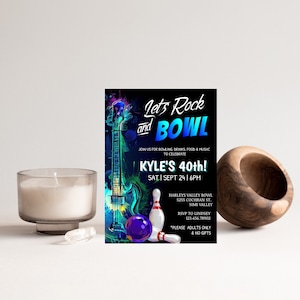BEWERKBAAR, Bowling Party, Rock and Bowl Party, Rock & Roll, Rock Party, elke leeftijd, Let's Party, Rock Star, Digitale Uitnodiging, Verjaardagsuitnodiging
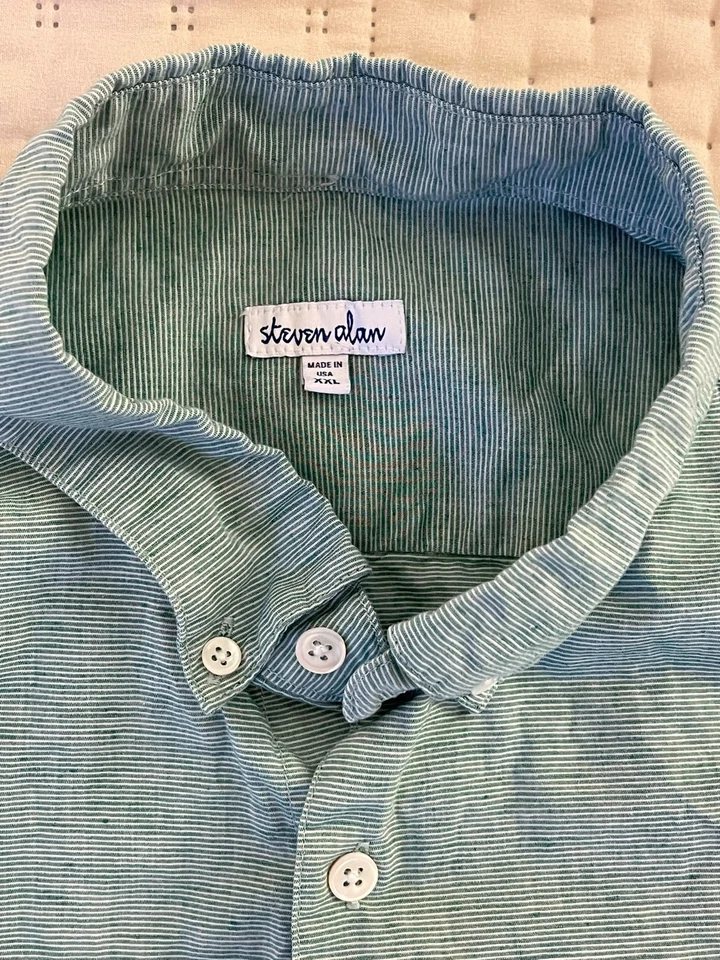 Camisa Steven Alan Para Hombres XXL Verde Claro Rayas Hecha en EE. UU. Mezcla de Algodón y Lino Foto 2 de 4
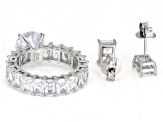 White Cubic Zirconia Rhodium Over Sterling Silver Ring And Earrings Set 15.62ctw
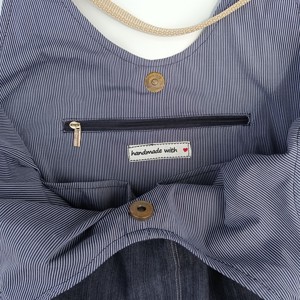 Geantă de umăr din denim brodată, shopper, geantă de cumpărături, geantă textilă - geantă și husă - geantă pentru cumpărături - geantă shopper, geantă tote, geantă textilă - Artynos.ro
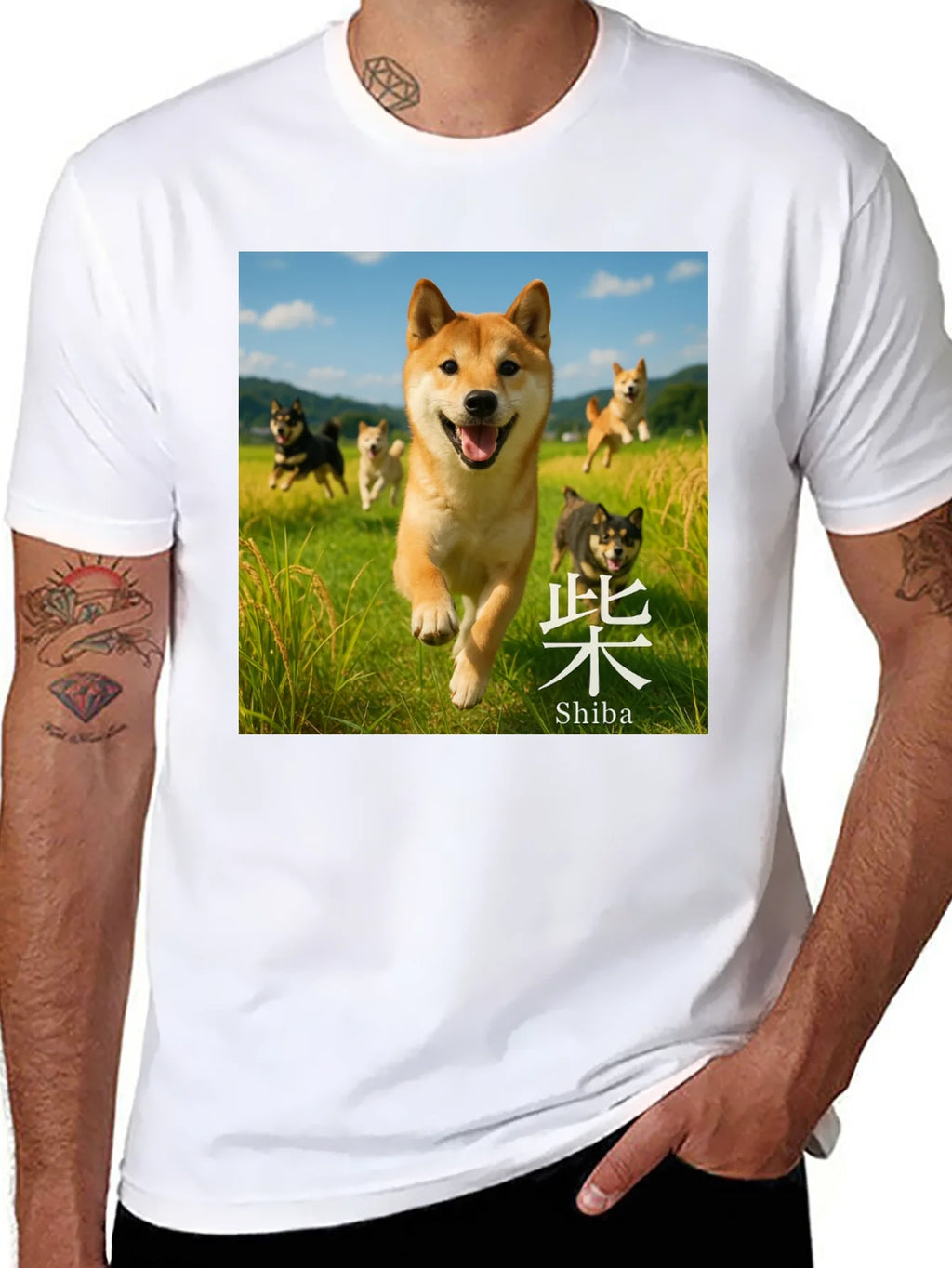 Shiba Inu Dog T-Shirt - Running Shiba Squad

────

- **DIRECTIONS FOR THIS TASK**
Lines from the one holding "Geantă de umăr" to the end of the data, both ends included, are to be given again exactly; no pictures belong in the copy.

- **RESULT**
 Geantă de umăr din denim brodată, shopper, geantă de cumpărături, geantă textilă - geantă și husă - geantă pentru cumpărături - geantă shopper, geantă tote, geantă textilă - Artynos.ro
 Shiba Inu Dog T-Shirt - Running Shiba Squad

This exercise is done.